From: Simon Spero <sesuncedu@gmail.com>
Date: Thu, 26 Jan 2017 11:47:02 -0500
Message-ID: <CADE8KM5YpxWQE9g_7YqXA0ttb4ExbXeUpd1ngPJZWnGRCtvWUA@mail.gmail.com>
To: Ruben Verborgh <Ruben.Verborgh@ugent.be>
Cc: Albert Meroño Peñuela <albert.merono@vu.nl>, Linked Data community <public-lod@w3.org>, SW-forum <semantic-web@w3.org>, "Hoekstra, R.J." <rinke.hoekstra@vu.nl>
On Jan 26, 2017 8:21 AM, "Ruben Verborgh" <Ruben.Verborgh@ugent.be> wrote:

Hi Albert,

> No more hard-coded queries in your Linked Data consuming applications!

Why not?

Isn't the whole point of the Semantic Web that clients should know what
they want, instead of servers needing to know what clients want?

Or to say it differently: the more specific an API, the less clients that
are able to use it?


No, or to say it differently, yes, or to say it less differently, yes and
no, prime minister :-)

The main point  of the semantic web is that clients should know[1] what
they got.
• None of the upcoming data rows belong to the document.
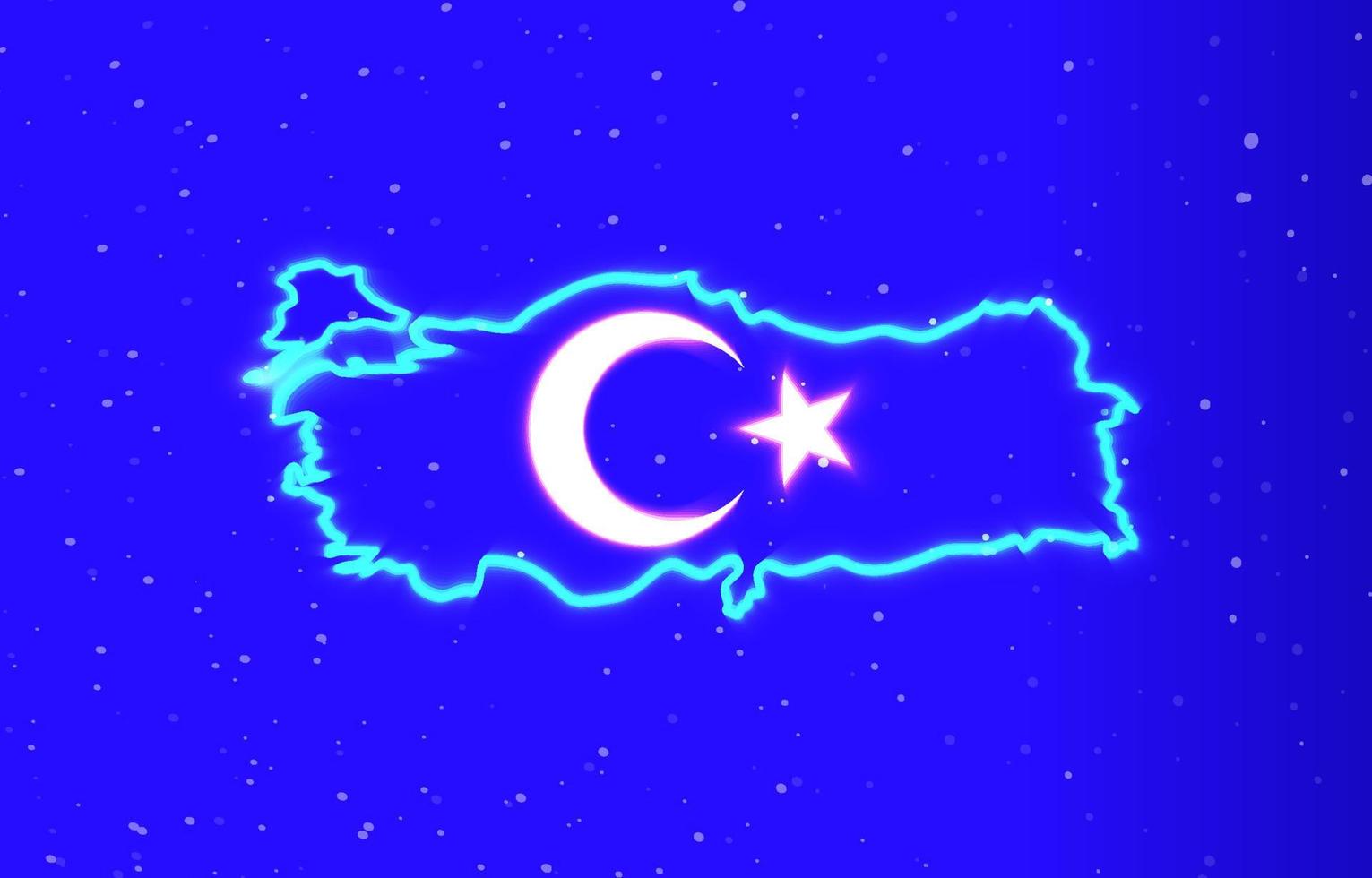 turkisk flagga neon privat samling med kalkonkarta. ladda ner flaggvektorn inuti den unika superglödande neonlandskartan. ljus sprack. cool linjär neon med designelementikon. vektor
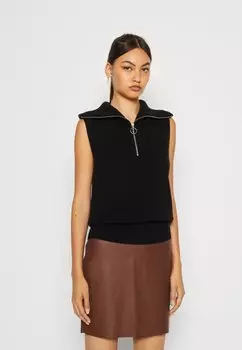 Свитшот VILA ПОЛОВИННАЯ МОЛНИЯ VIRIL, черный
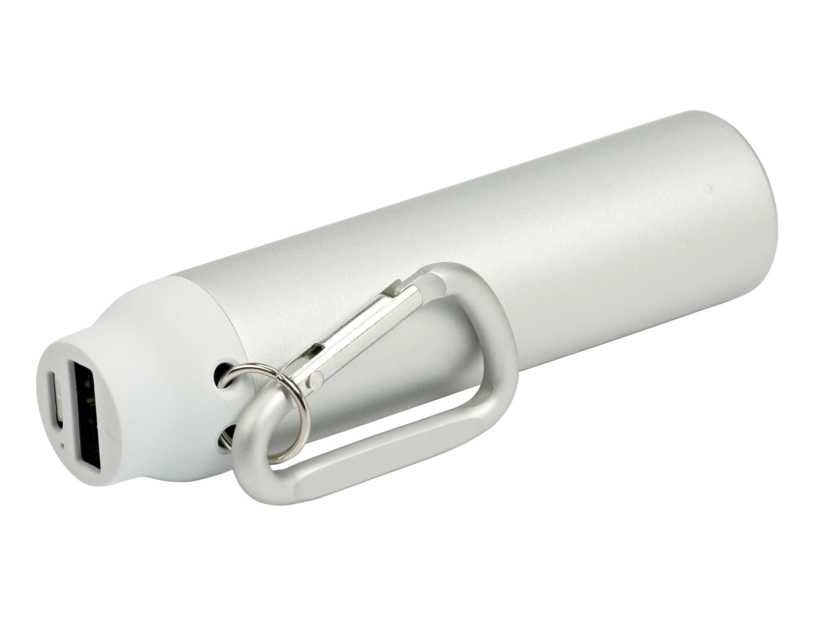 Biały power bank z karabińczykiem i logo, LED, 3000mAh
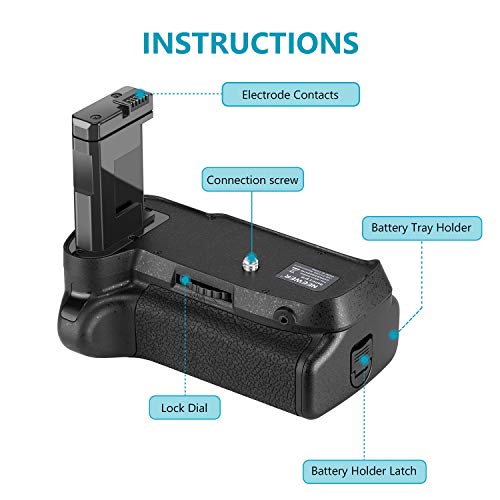 Neewer Professional Vertical Battery Grip Replacement for Nikon D3100/D3200/D3300/D5300 SLR Digital Camera, Works with 1 or 2 Pieces EN-EL14 Batteries by Neewer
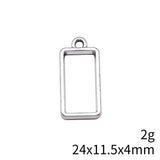 10pcs 24x11.5x4mm Antique Silver Color Hollow Geometric Glue Frame Series Small Rectangular Frame Jewelry Findings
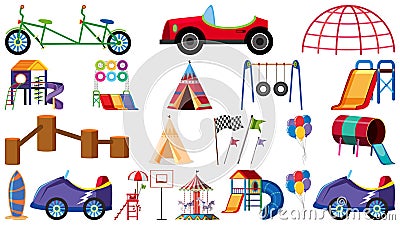 Large set of different play stations in the playground Vector Illustration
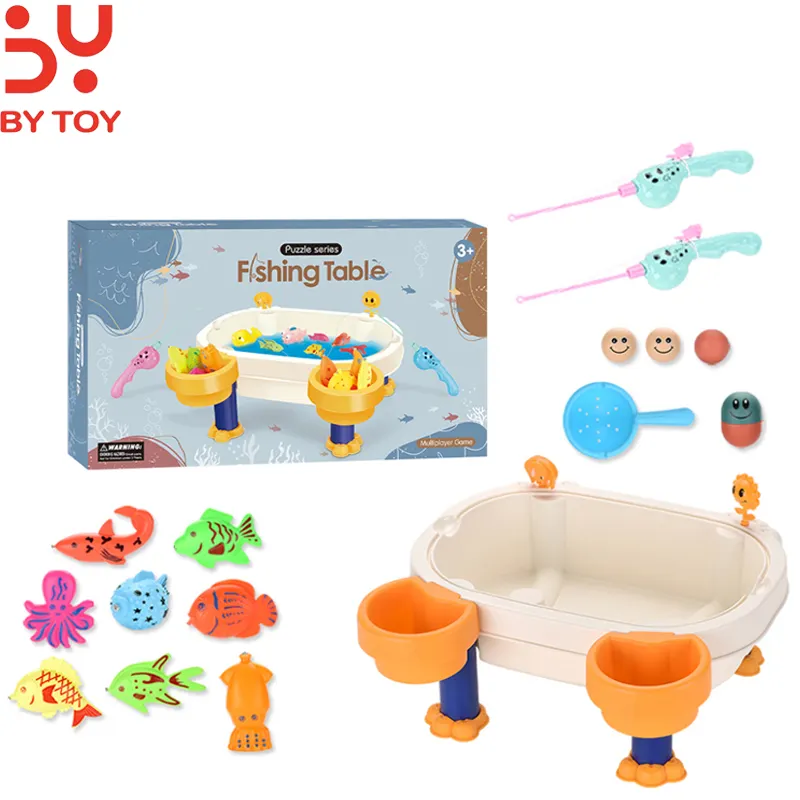 Educational Water Table Bathtub Kid Party Toy With Pole Rod Net Plastic Floating Fish Magnetic Fishing Pool Toys Game For Kids
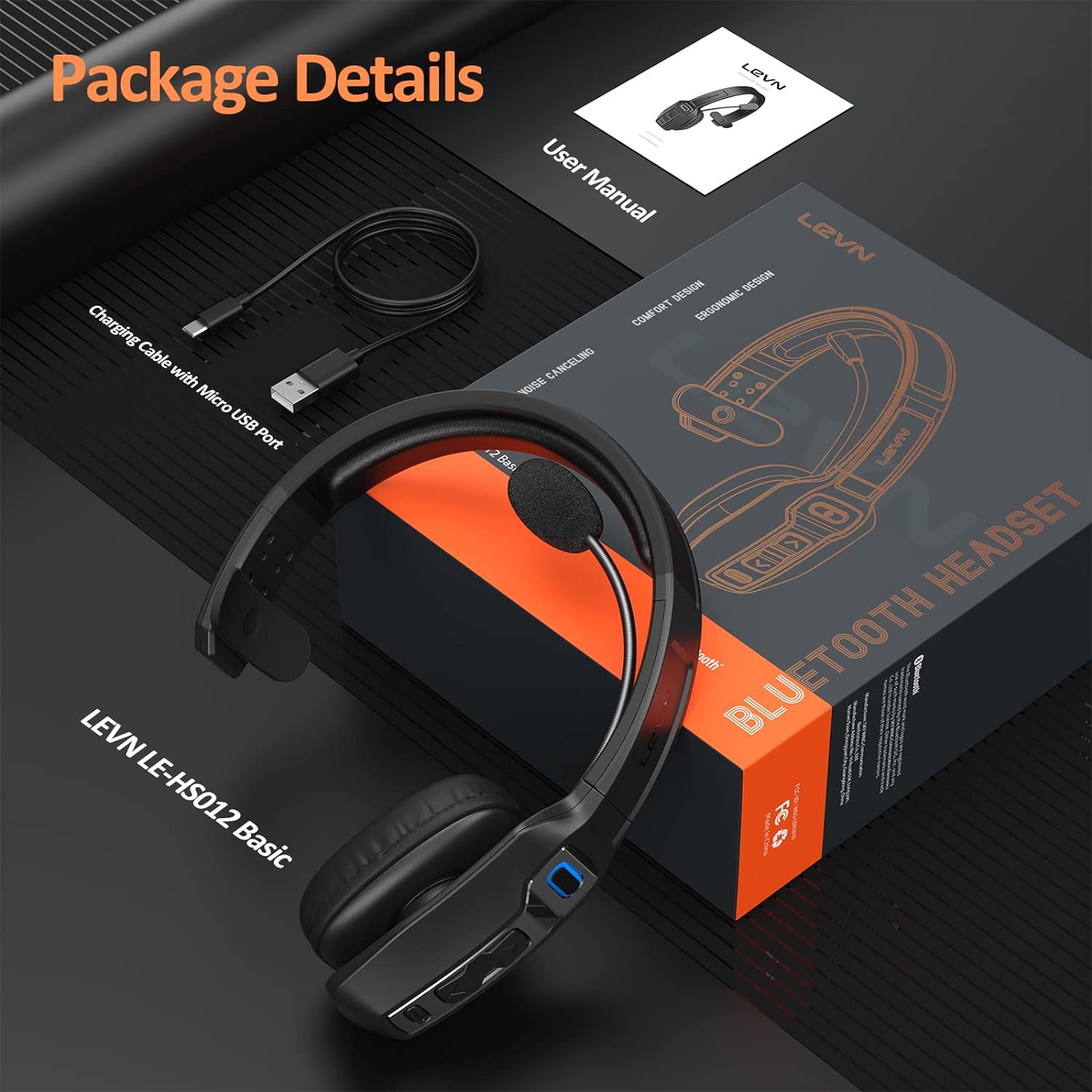 LEVN Bluetooth Headset with Microphone, Trucker Bluetooth Headset with AI Noise Cancelling & Mute Button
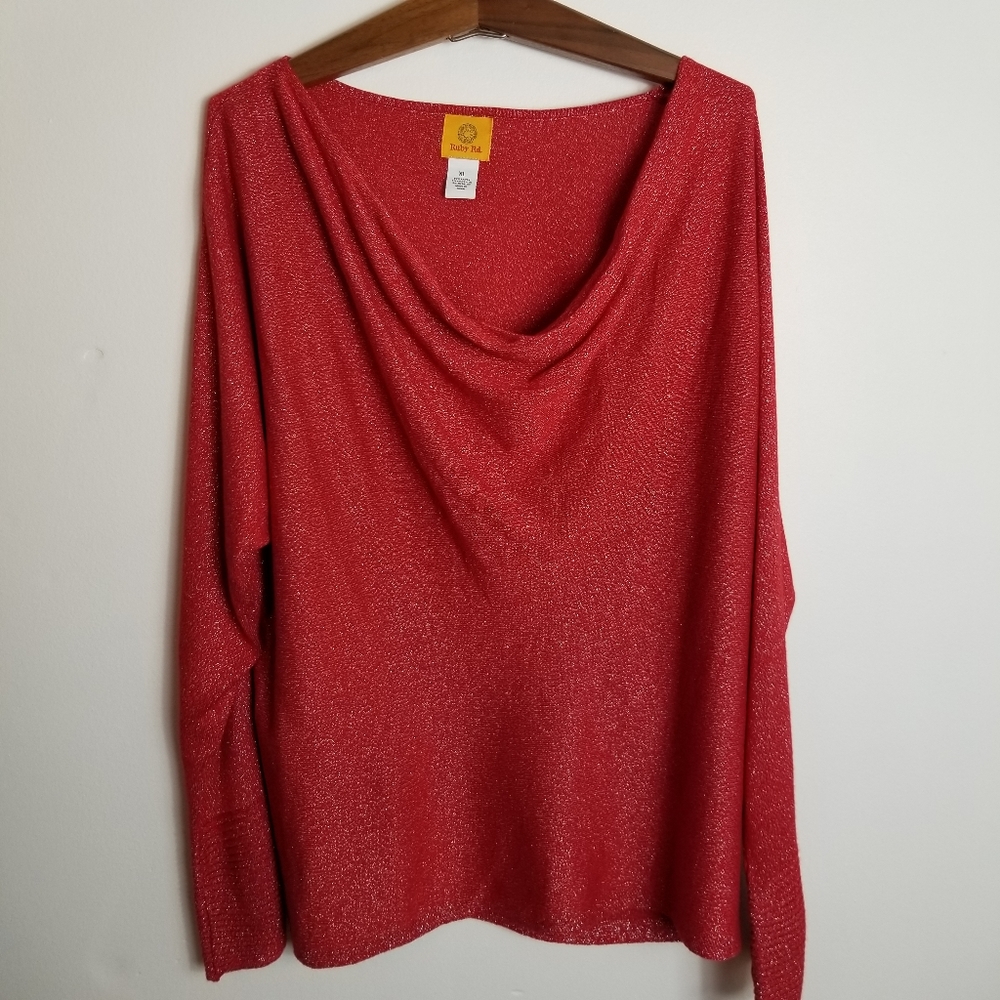 Ruby Rd Paint The Town Red Drape Neck Metallic Long Sleeve Top NWT - Picture 2 of 9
To the extent that the domain specific view may be used in
contexts where there are stronger shared Ontological commitments, it would
seem that such a view is not in conflict with semantic web principles.

Further, to the extent that the result  is generated by a complex query
requiring extensive knowledge of the internal organization and vocabulary
of the provider's knowledge base, as well as the performance
characteristics of the backing implementation, the simplified API may be
preferable.

Finally, SPARQL is not a simple query language to learn, and it can be much
too easy to copy and paste one's way to a cluster melting Query Of Doom.
One rarely finds open SQL access as part of an API, especially on
purpose...

On the other hand, exposing a raw SPARQL endpoint will allow for richer
queries, and it may be easier to add such an endpoint to a federation that
does not support real time nose following.

I'm not sure if there are LOD SPARQL endpoints that allow UPDATE ; that'd
be a different kettle of kettles.


Simon

[1] Where  "know" means that the to the extent that the client and server
share vocabulary, the client's "beliefs" about the "beliefs"  that the
server "intended" to convey are in accord.